There's no point in judging this car by conventional standards. It's like moaning about the makeshift hood (which according to Renault, isn't guaranteed to stay on at speeds above 40mph!). From Renault's point of view, you don't buy one of these as an everyday car, so why need it be designed using everyday criteria?
The styling of course is anything but everyday. People don't just turn their heads when you drive by - they stop and gawp. From the fared-in headlamps to the enormous side air intakes (need they really be that big for a Renault Clio engine?), this car is outrageous.

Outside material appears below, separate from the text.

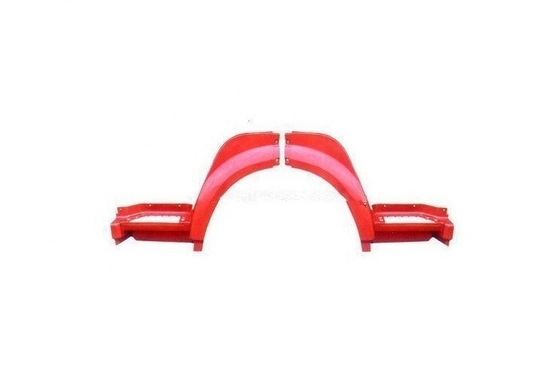 Partes do sistema de direção CCC Fender da roda dianteira Wg1642230105 para caminhão Sinotruk HOWO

Since the Sport Spider is based on simple Clio Williams hardware, not much goes wrong - and if it ever does, it shouldn't cost too much to fix. Obviously, since most cars will have been thrashed (or even raced), beware of accident damage and bodged repairs. Since the Renault Sport Spider one make race series has been replaced by a Clio-based Series, more ex-race cars are finding their way back onto the road. Look closely for signs of theft.
(approx) A clutch assembly will be around £80. Front and rear brake pads are about £190. An exchange alternator is about £175 and an exhaust system assembly should be close to £110.
A headlamp should cost around £65, a starter motor about £272 and a radiator no more than £260.
Powering the Sport Spider is the 150bhp 16v four cylinder engine which, as already mentioned, was first seen in the Renault Clio Williams and also used in the original Megane Coupe 16v. Given the relatively light weight of this car, that's enough to make it very fast indeed; rest to 60 takes just 6.9s on the way to a maximum of 134mph.
Take a seat behind the wheel and you instantly know that this car means business; quite simply it's more race car than road car, a single aluminium bar dominating the dashboard. There are only three dials set into a central pod on top of the dash - and they don't include a speedometer. Instead, you've a rev counter, with oil and water pressure gauges. Speed is monitored by a digital readout just above, as are distance and fuel.
To complete the sports car feel, there are body-hugging Recaro bucket seats and a leather-trimmed steering wheel. The windows meanwhile, pivot up to open - arguably practical - certainly distinctive. And the doors? Well, they open vertically. Of course...
Safety won't be at the forefront of the minds of most buyers, but Renault claim to have thoroughly covered it anyway. The car is constructed from aluminium - which has an energy absorption capacity one and a half times that of steel. Plus there's a stout rollover bar for visible reassurance.
The road is one place where the Renault feels slightly wasted. With the growth of airfield and track days in the UK, a used Sport Spider makes an excellent weekend 'toy'. With more ex-racing cars entering the market, it represents a stylish way to go racing on a reasonable budget.
This car makes a statement that says a great deal about Renault. Whether it's unique depends upon your definition. After all, it's probably true to say that most major manufacturers have had something like this on the drawing board somewhere in their design studios. The difference is that only the Sport Spider made it into the metal - or the aluminium to be precise. Audacity then, in more ways than one.